Beginning at the line containing "Photo of 403" in the material below and ending at the line containing "La Policía realizó", return each line exactly and add nothing.
── DATA SUPPLIED ──
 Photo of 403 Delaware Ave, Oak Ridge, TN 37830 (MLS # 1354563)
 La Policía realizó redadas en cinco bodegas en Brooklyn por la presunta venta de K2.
───
── DATA SUPPLIED ──
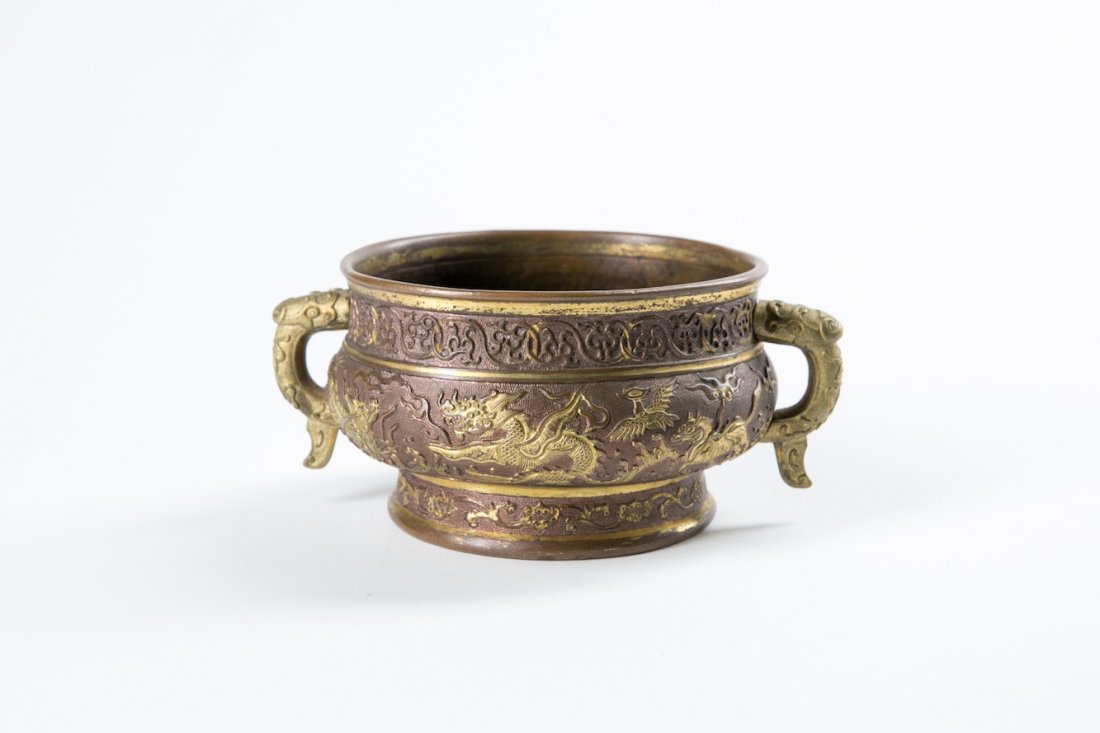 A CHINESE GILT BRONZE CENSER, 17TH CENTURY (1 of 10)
───
── DATA SUPPLIED ──
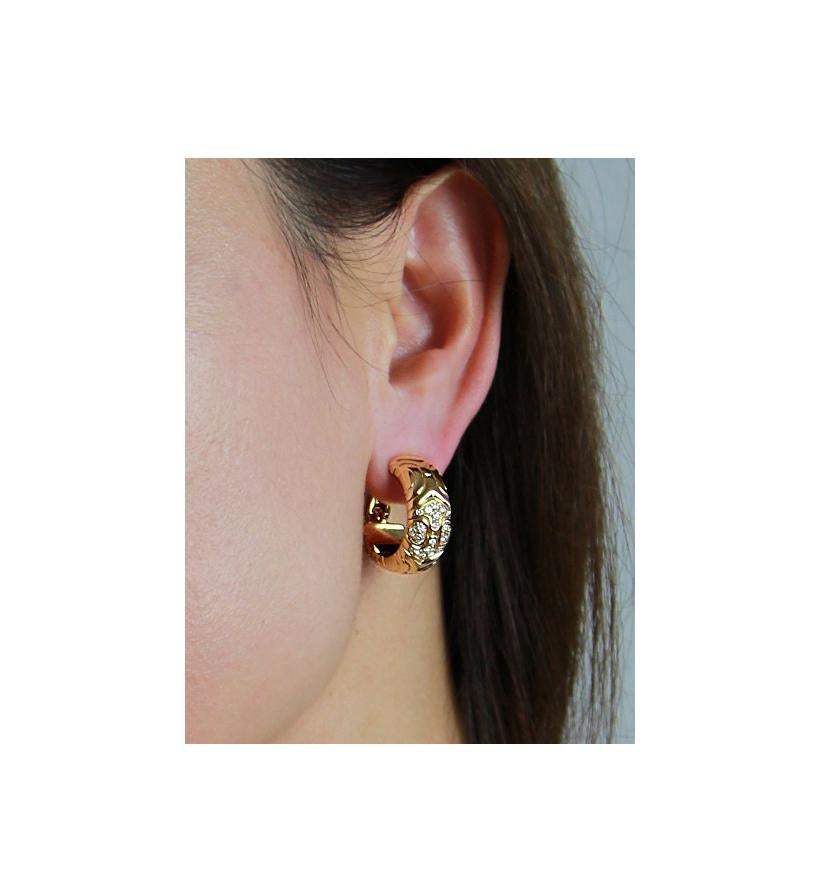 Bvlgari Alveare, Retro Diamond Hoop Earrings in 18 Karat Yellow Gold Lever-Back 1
───
**RESPONSE**
 Photo of 403 Delaware Ave, Oak Ridge, TN 37830 (MLS # 1354563)
 La Policía realizó redadas en cinco bodegas en Brooklyn por la presunta venta de K2.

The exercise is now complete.